Według niej, wtorek w komisji śledczej będzie dniem przełomowym, bo w związku z przesłuchaniami posłów opozycji "zakończy się wielki proces tuszowania sprawy, zamiatania tej afery pod dywan". - Dla wielu osób ujawnienie kulis tej afery, takie odnoszę wrażenie, może okazać się mocno niewygodne - zaznaczyła.

Od czego się wszystko zaczęło

Posłanka PiS przypominała również od czego zaczęła się ta afera i co było powodem powołania komisji. Czytała fragmenty stenogramów z zapisów rozmów telefonicznych m.in. byłego szefa klubu PO Zbigniewa Chlebowskiego i biznesmena branży hazardowej Ryszarda Sobiesiaka.

Kempa przytaczała fragmenty publikacji w "Rzeczpospolitej", w której opisano rozmowy i spotkanie Chlebowskiego i Sobiesiaka. Czytała fragmenty ich rozmów telefonicznych wskazujące na to, że starają się zablokować niektóre niekorzystne dla branży hazardowej przepisy. Przypominała, że Chlebowski spotykał się w związku z tą sprawą z Sobiesiakiem na cmentarzu. - Tak rozpoczęła się afera hazardowa - powiedziała posłanka PiS.

Przytoczyła również publikację dziennika "Polska. The Times", w której znalazły się fragmenty rozmowy ówczesnego szefa MSWiA Grzegorza Schetyny z Sobiesiakiem.

Kempa przypomniała też swój wniosek - który złożyła jeszcze gdy zasiadała w komisji śledczej - o zabezpieczenie bilingów telefonicznych m.in. Schetyny, Sobiesiaka i Chlebowskiego.

Oświadczyła, że uważa, iż komisja śledcza powinna również wystąpić o zabezpieczenie i przekazanie dodatkowo bilingów rozmów telefonicznych (w okresie od 17 października 2007 do 9 października 2009) wiceministra finansów Jacka Kapicy - który w MF odpowiada za kwestie związane z branżą hazardową - a także byłego wiceministra gospodarki Adama Szejnfelda.

Kempa podkreśliła, że nie będąc członkiem komisji nie może tych wniosków - ws. billingów Kapicy i Szejnfelda - złożyć formalnie. Dodała jednak, że przekaże je komisji i wyraziła nadzieję, że któryś z posłów zasiadających w niej, przejmie je i formalnie złoży.

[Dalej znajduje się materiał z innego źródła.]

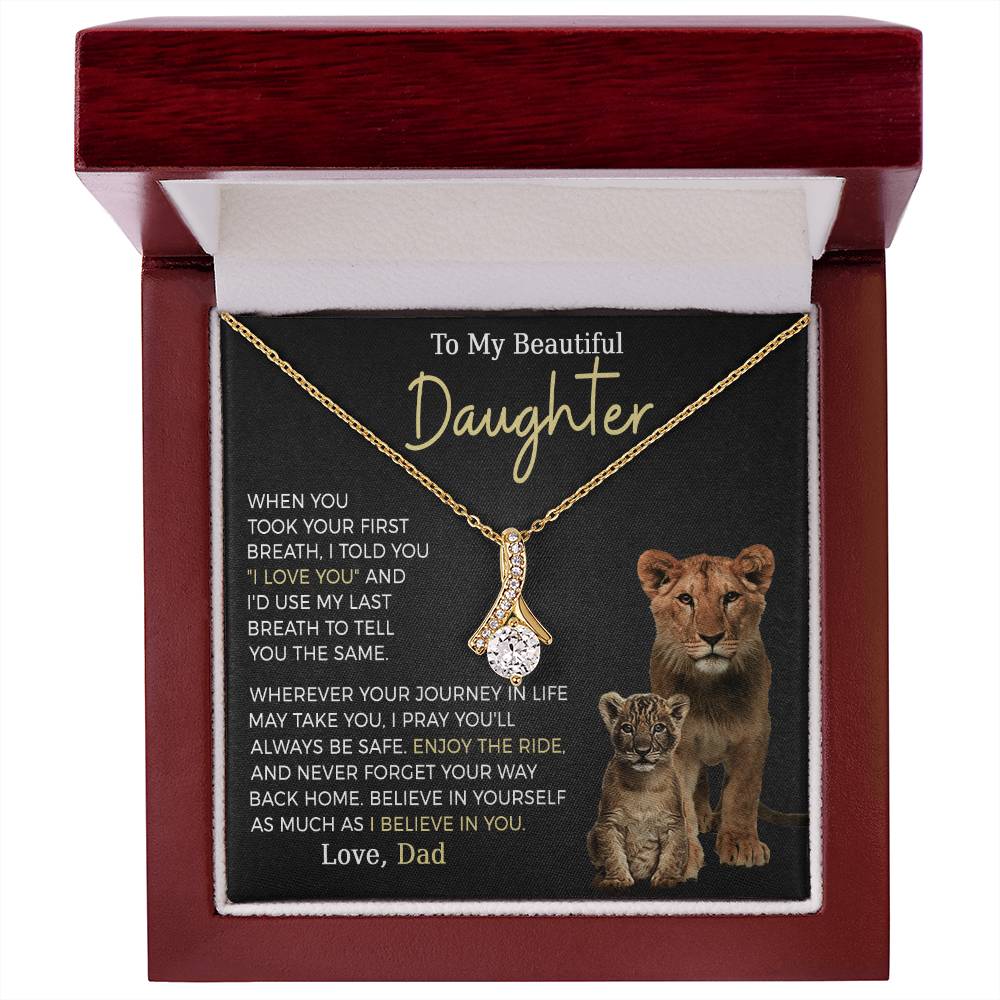 Beautiful Daughter Enjoy The Ride Alluring Beauty Petite Ribbon Necklace-[Heartfelt Family Gift]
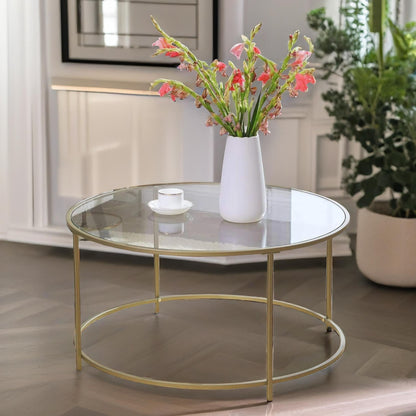 Industrial Tempered Glass Round Coffee Table Gold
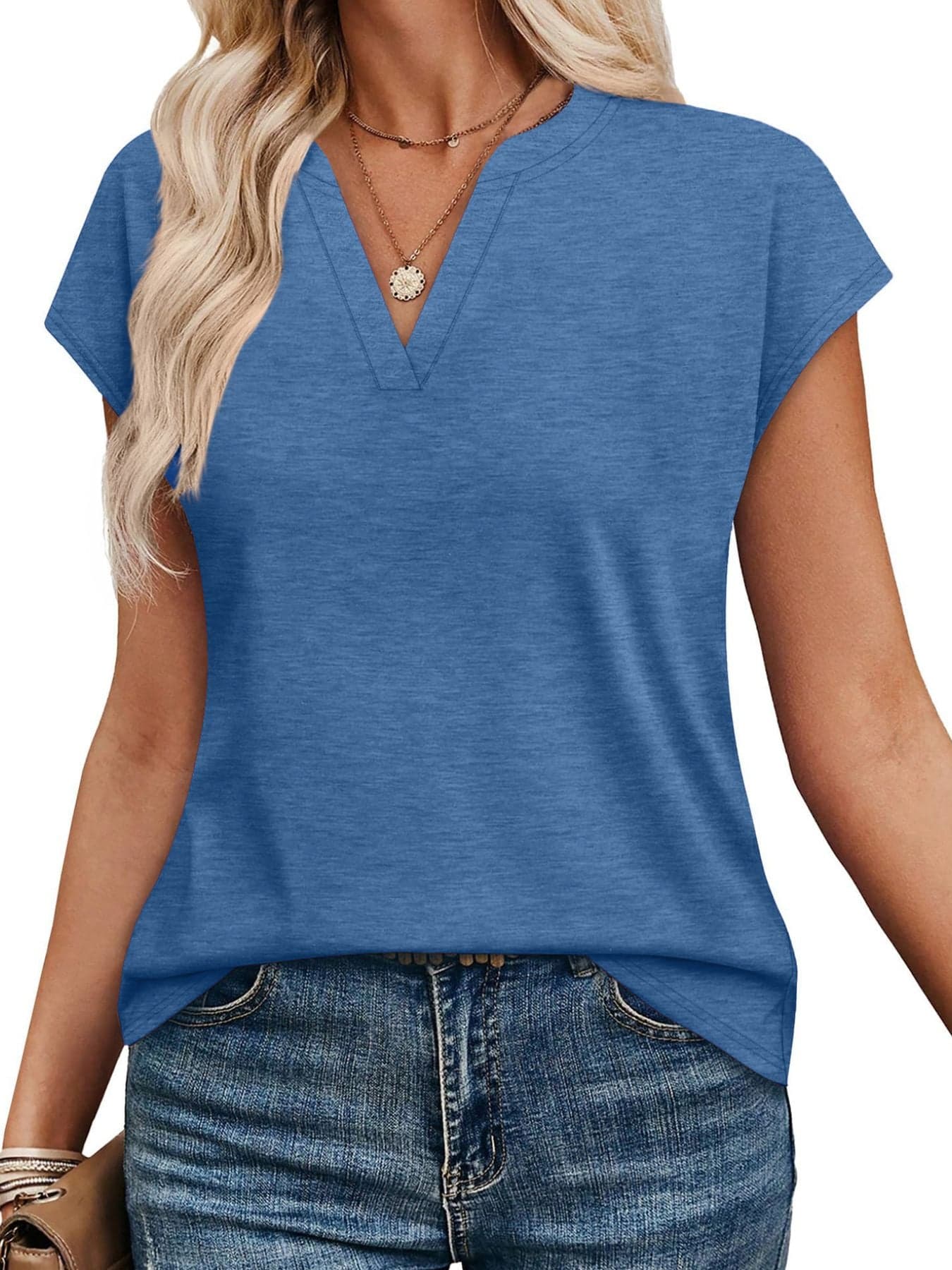 Notched Short Sleeve T-Shirt The Nichole Collection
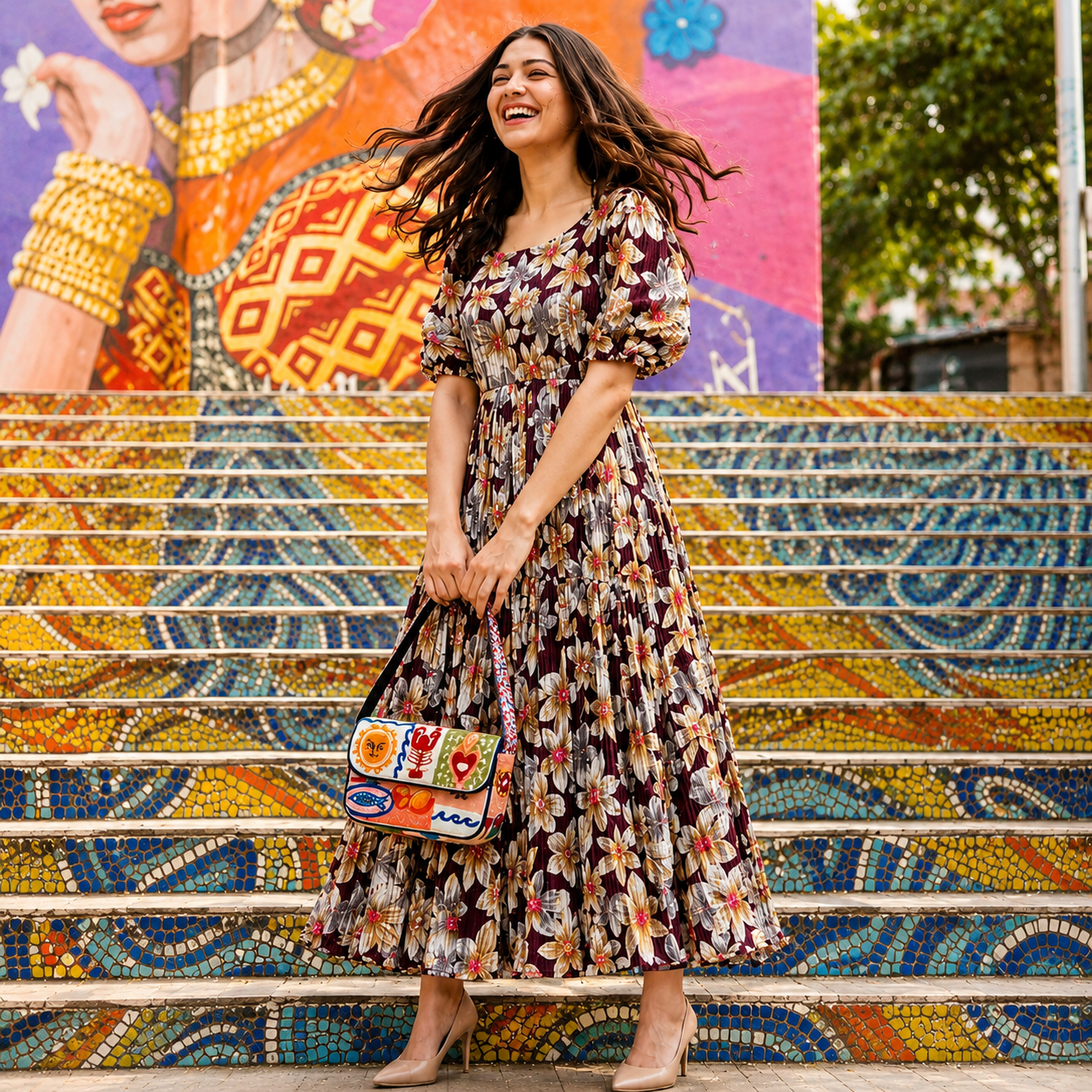 Women's Brown Floral Printed Cotton Blend Midi Dress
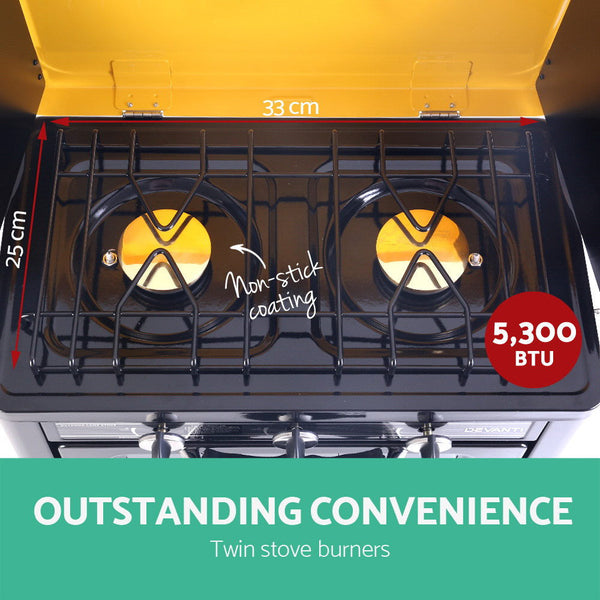 Devanti 3 Burner Portable Oven - Black & Yellow Devanti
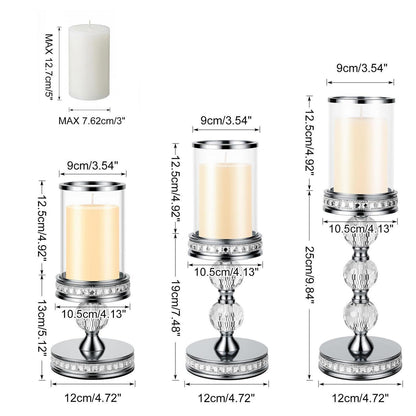 Stumpenkerzenhalter mit Glas, 3er Set, Silber, 25.5/31.5/37.5cm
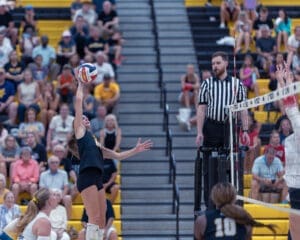 Volleyball player spikes the ball during a match, with a focused referee overseeing the exciting game.
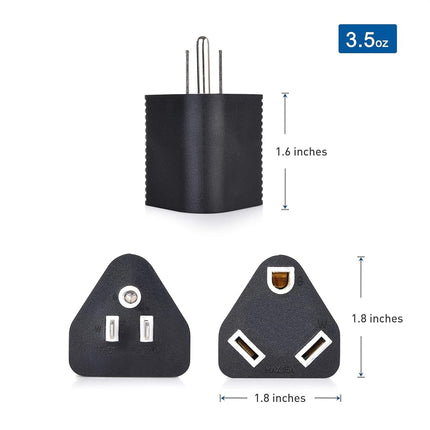Cable Matters 2-Pack 15 Amp to 3 Prong 30 Amp RV Adapter, 15 AMP RV Plug (NEMA 5-15P to TT-30R)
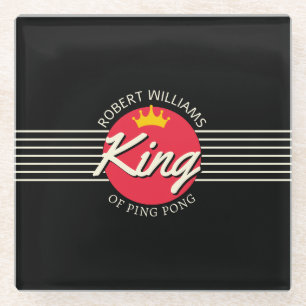 Personalisierter Name König des Ping Pong Roter Kr Glasuntersetzer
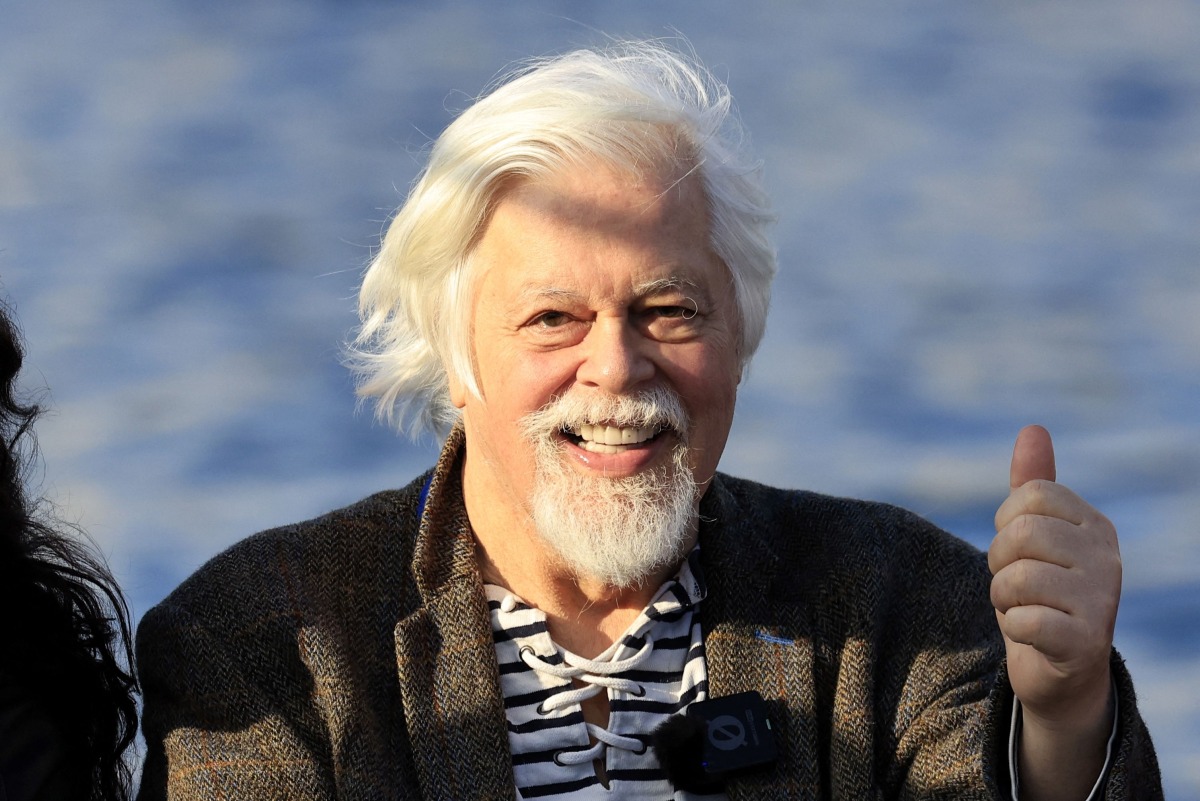 Sea Shepherd Conservation Society founder Paul Watson poses for pictures during a visit with the mayor of Nice of the harbour in Nice on February 28, 2025. Photo by Valery HACHE / AFP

"To będą standardowe przesłuchania"

Po południu w trybie tajnym dokończone ma zostać przesłuchanie Zbigniewa Wassermanna (PiS), który na posiedzeniu otwartym zeznawał 28 grudnia.

Szef komisji Mirosław Sekuła (PO) uzasadniał, że przesłuchanie Wassermanna w trybie niejawnym ma wyjaśnić wątpliwości, które powstały w trakcie jego poprzedniego spotkania z komisją.

Z kolei przesłuchanie Kempy - jak powiedział Sławomir Neumann (PO) - ma potwierdzić jedynie to, co wiadomo z dokumentów: że jako wiceminister sprawiedliwości pisała opinię do projektu ustawy hazardowej i tym samym brała udział w pracach nad nią. - To będzie standardowe przesłuchanie, to nie jest świadek, który ma przynieść przełom w pracach komisji. Podchodzę do tego z dużym spokojem - zaznaczył Neumann.

Wassermann jest wezwany przed komisję w związku z tym, że w 2007 r. jako koordynator ds. służb specjalnych zgłosił uwagi do projektu zmian w ustawie o grach losowych i zakładach wzajemnych.

Oboje - Wassermann i Kempa - zostali wyłączeni ze składu hazardowej komisji śledczej na wniosek PO. Posłowie Platformy argumentowali, że oboje uczestniczył w procesie legislacyjnym, który bada komisja śledcza i dlatego muszą stawić się przed nią jako świadkowie.